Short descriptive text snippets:
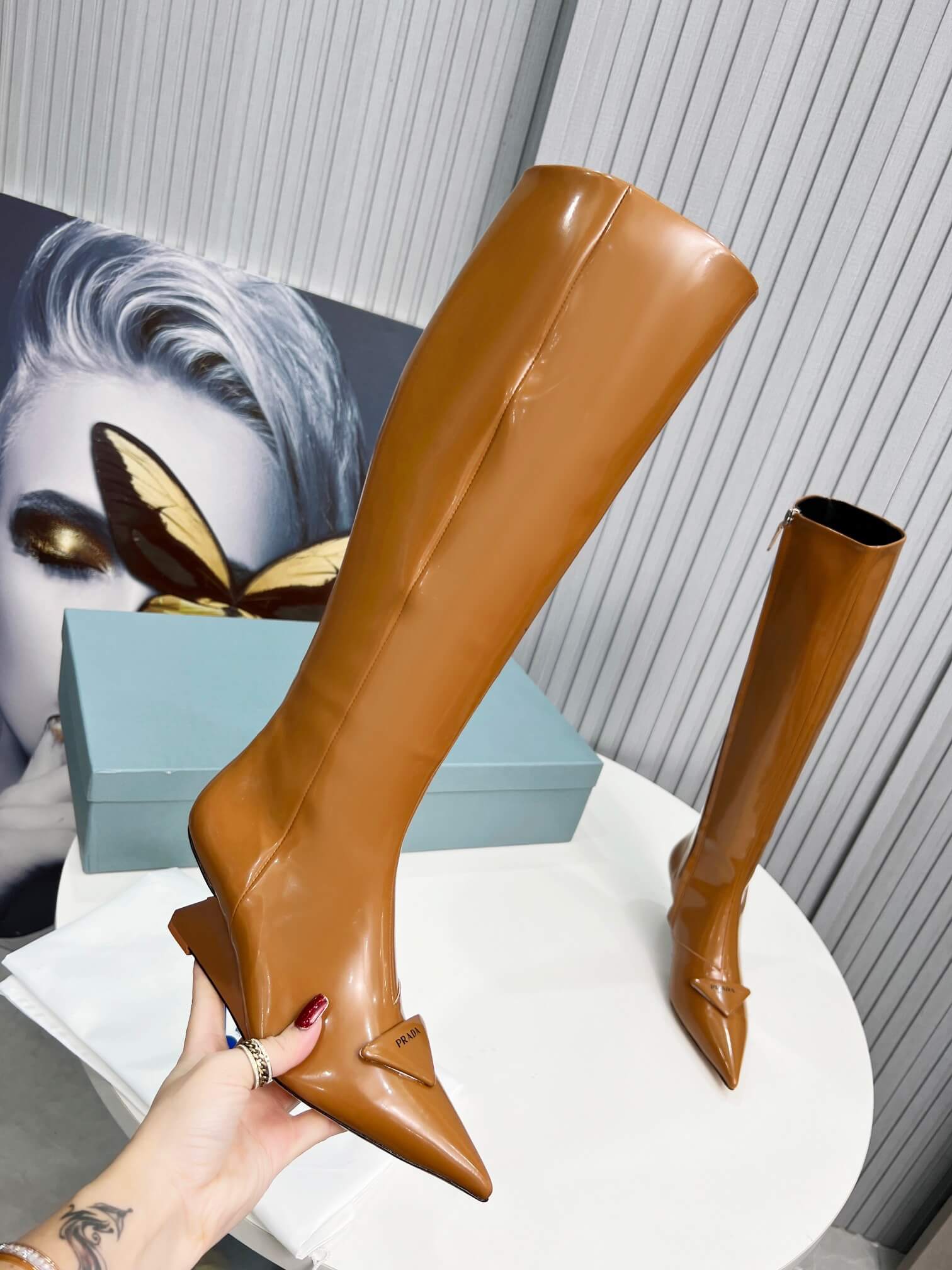PR Knee Boots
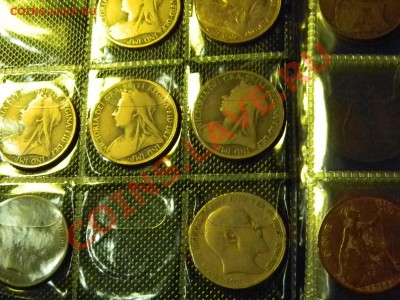 50 старинных монет Англии в Новом альбоме - DSCN3044.JPG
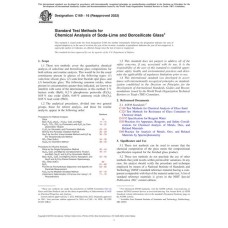 ASTM C169-16(2022) ASTM C169-16(2022)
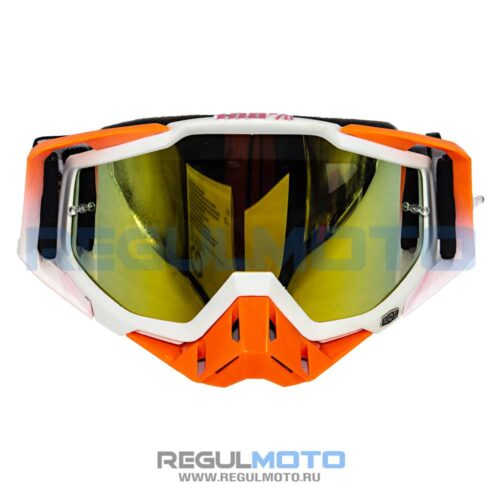 Очки 100% Racecraft MX оранжевый-белый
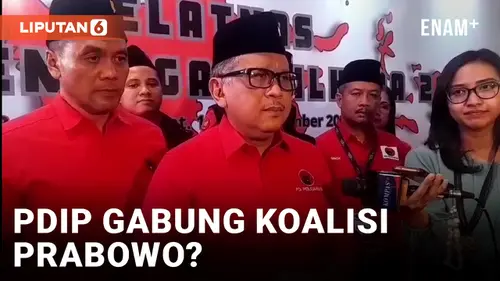 VIDEO: Indikasi PDIP Bergabung KIM Makin Kuat, Megawati Bakal Temui Prabowo?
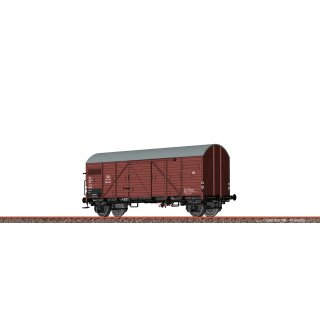 Brawa 50720 - Spur H0 Gedeckter Güterwagen Gmhs 35 DB, Epoche III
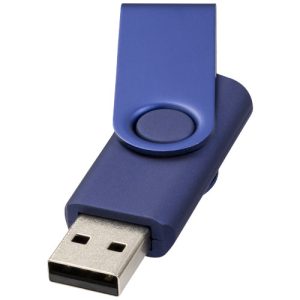 Memoria USB metálica de 4 GB 'Rotate'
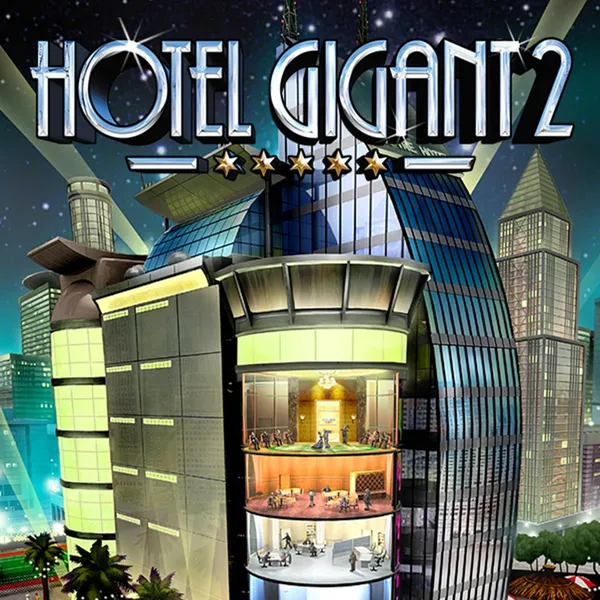 Обкладинка гри Hotel Giant 2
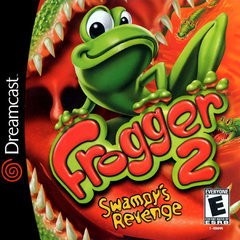 Frogger 2 Swampy's Revenge - Complete - Sega Dreamcast  Fair Game Video Games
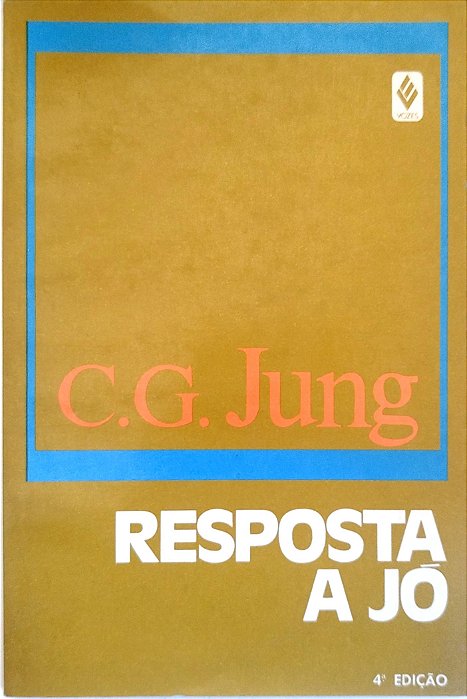 Livro Resposta a Jó Autor Jung, C. G. (1986) [seminovo]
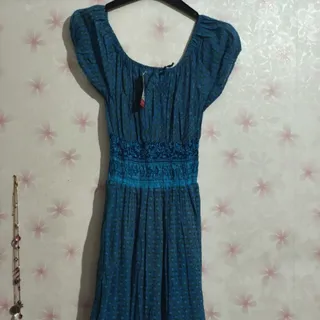 پیراهن نخی هندی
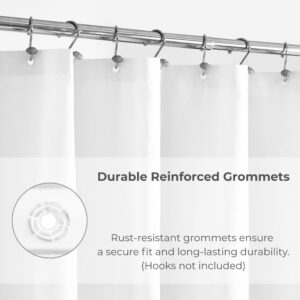 Close-up of reinforced rust-resistant grommets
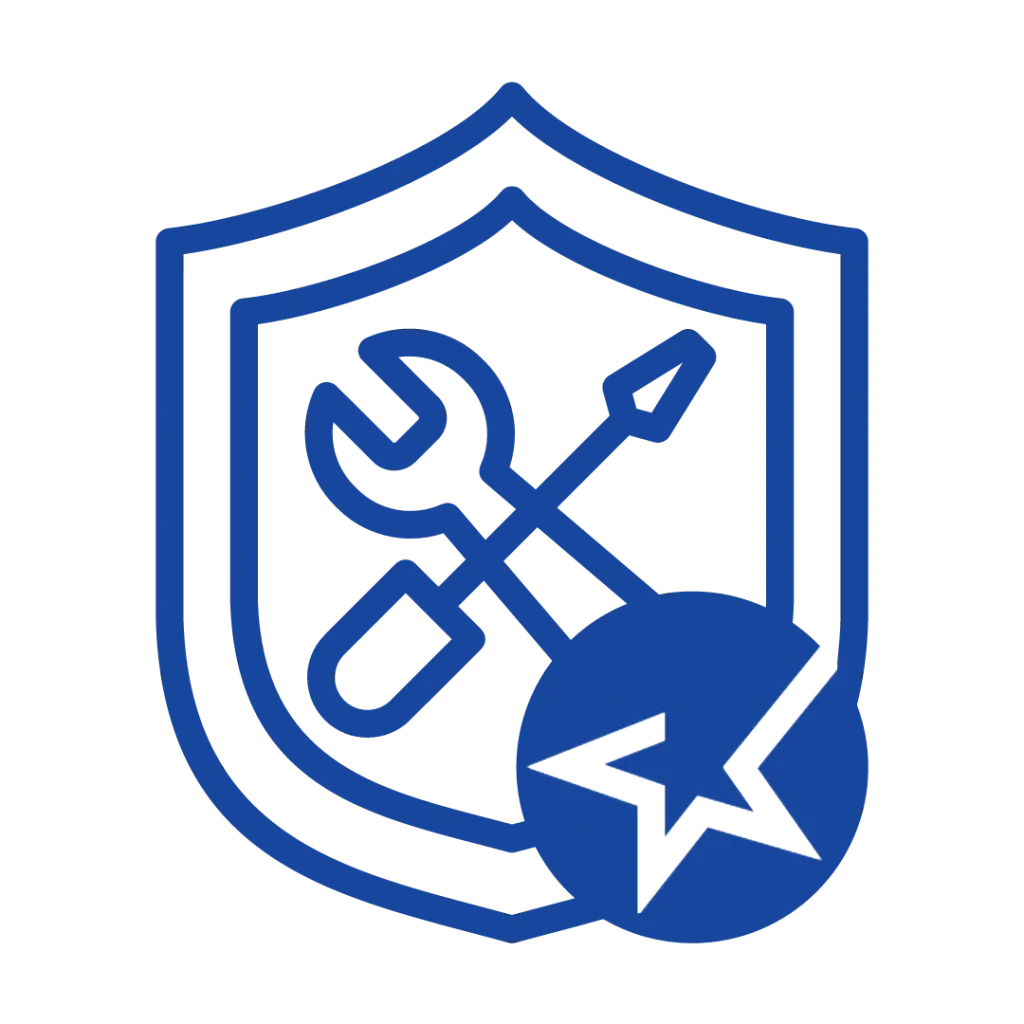 SUPPORTS-WARRANTY-COMPLIANCE Icon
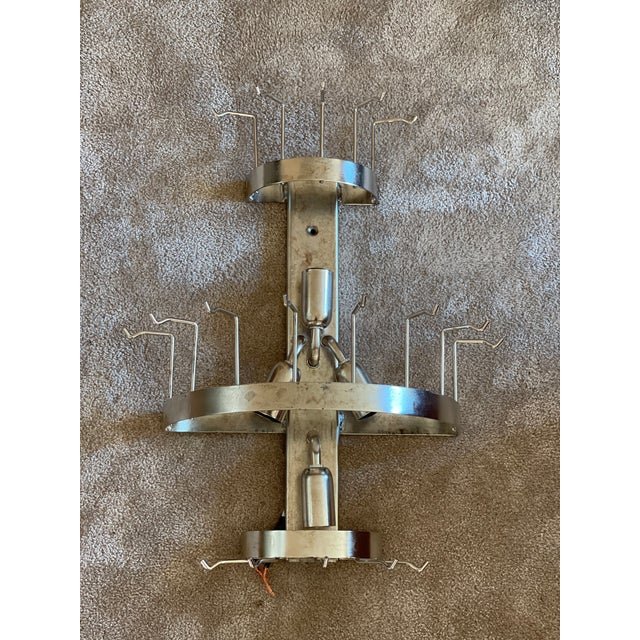 Large Murano Glass Wall Lamps, Set of 2 For Sale - Image 9 of 10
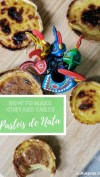 How to Make Custard Tarts Portuguese Pasteis de Nata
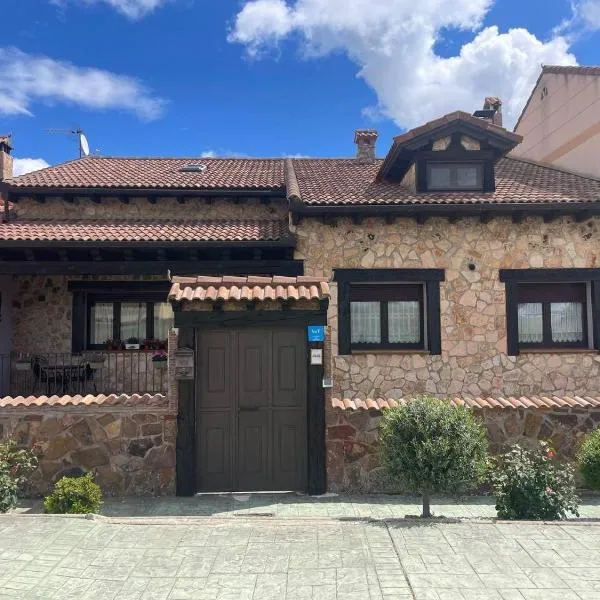 Casa La Divisa，位于Boceguillas的酒店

» **Your objective**: Could you write out, word for word, the lines from the one containing "Livro Resposta a" through the last line of the records, leaving out the pictures?

» **Reply**:
 Livro Resposta a Jó Autor Jung, C. G. (1986) [seminovo]
 پیراهن نخی هندی
 Close-up of reinforced rust-resistant grommets
 SUPPORTS-WARRANTY-COMPLIANCE Icon
 Large Murano Glass Wall Lamps, Set of 2 For Sale - Image 9 of 10
 How to Make Custard Tarts Portuguese Pasteis de Nata
 Casa La Divisa，位于Boceguillas的酒店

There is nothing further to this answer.